For the full details, see Appendix A in my paper here.
Some more details:
Even though the claim is local, and the approximation scheme is also inspired by a local phenomena, the implementation of the proof is based on a combination of local and global arguments.

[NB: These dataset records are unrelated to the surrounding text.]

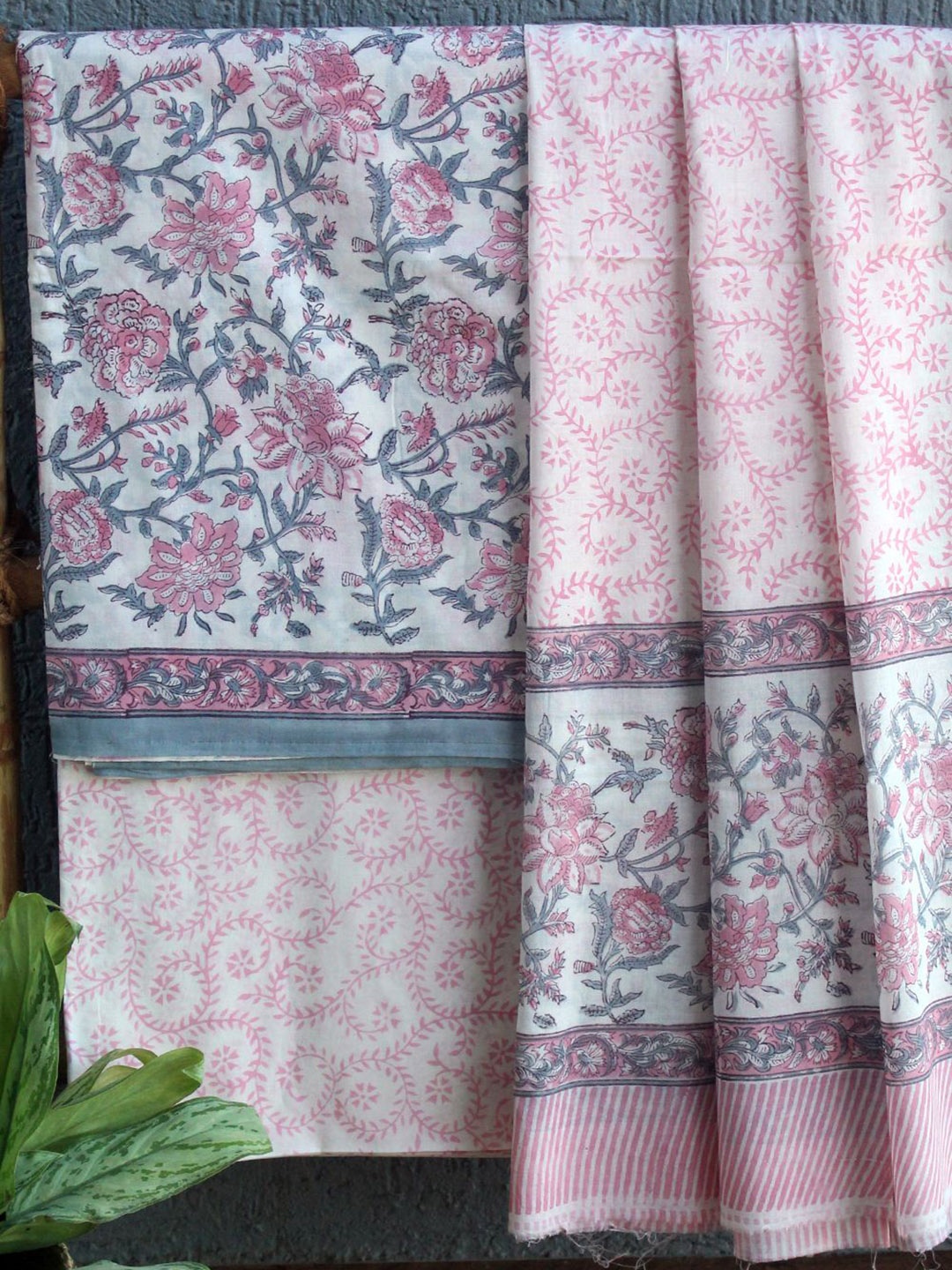 

Weaves of Tradition Printed Pure Cotton Unstitched Dress Material, White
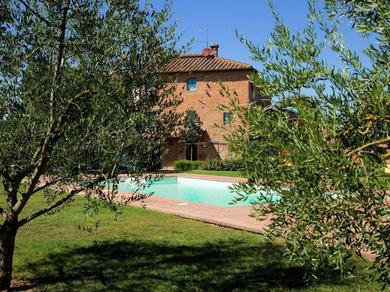Magnificent Villa in Cortona with Swimming Pool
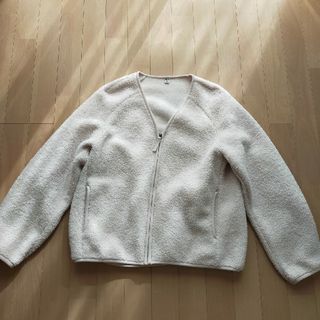 ユニクロ(UNIQLO)のユニクロ　ノーカラーフリース　ホワイト　M(その他)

The reason is that on a closed manifold, being closed and co-closed is equivalent to being harmonic, and the dimension of the space of harmonic forms is a finite number which is a topological invariant of the manifold; it does not depend on the chosen metric. 
Thus, given a family of metrics $g_{\ep} \to g_0$ on a closed manifold $\M$, we consider the behaviour of the finite-dimensional subspaces $H^k_{g_{\ep}}$ (all of the same dimension) as $\ep \to 0$.
That is, we look at the map $g \to H^k_{g}=\ker \Delta_g$. It turns out that this map is continuous in some appropriate sense; this relies on a certain "stability property of kernels of linear operators". It turns out that a crucial factor in the existence of such a stability phenomenon is the assumption that all the kernels have the same finite dimension. The convergence of kernels does not always hold when the dimensions are not equal or infinite.